%%

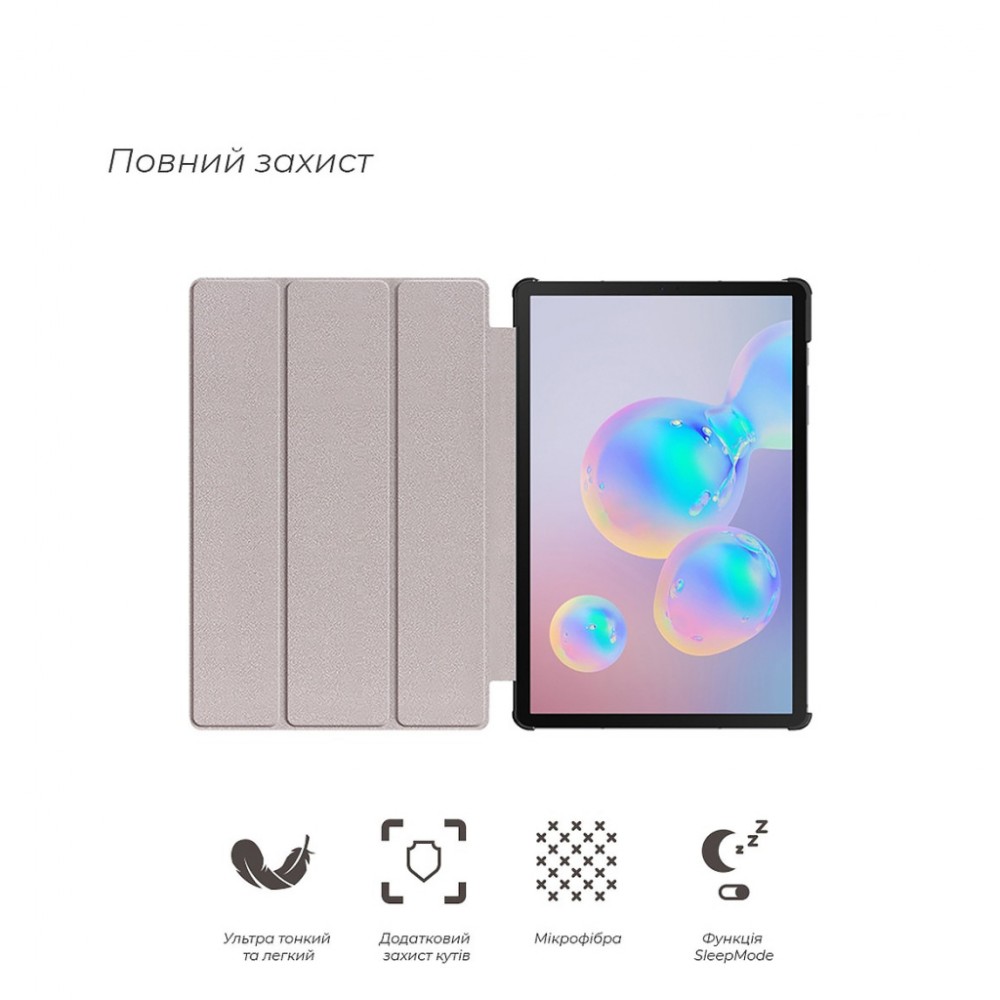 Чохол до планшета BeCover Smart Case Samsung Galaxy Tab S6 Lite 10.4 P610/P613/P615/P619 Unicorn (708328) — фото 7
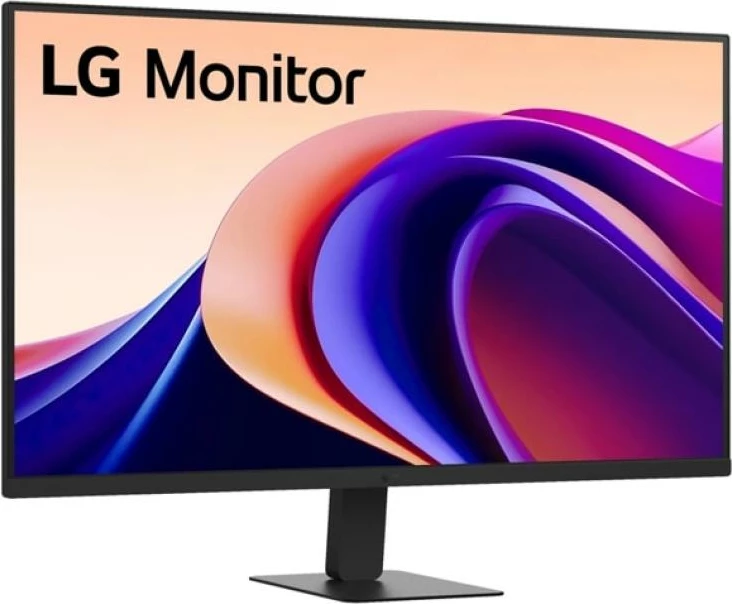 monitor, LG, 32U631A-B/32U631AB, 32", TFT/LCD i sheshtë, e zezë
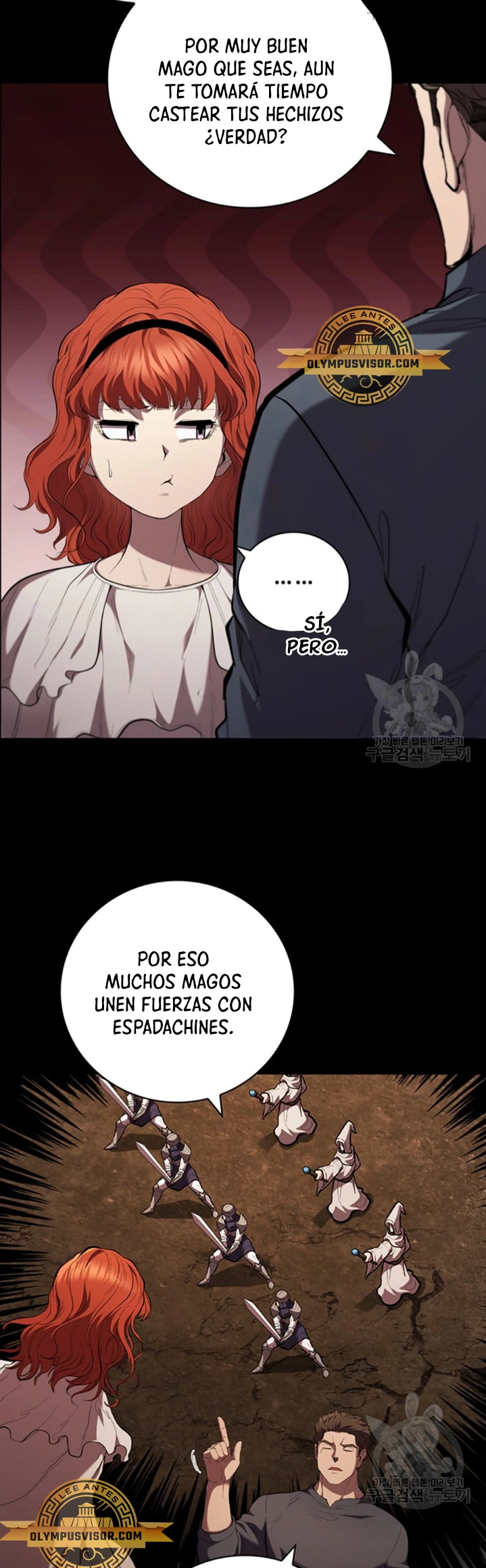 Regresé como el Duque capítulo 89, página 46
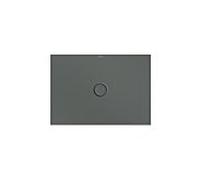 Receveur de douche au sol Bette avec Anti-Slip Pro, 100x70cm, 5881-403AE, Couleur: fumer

%%

Copy the final stretch of lines, starting at the one that holds "Regresé como el Duque capítulo 89, página 46" and ending at the last line of the data, exactly; omit pictures.

Written solution:
 Regresé como el Duque capítulo 89, página 46
 Receveur de douche au sol Bette avec Anti-Slip Pro, 100x70cm, 5881-403AE, Couleur: fumer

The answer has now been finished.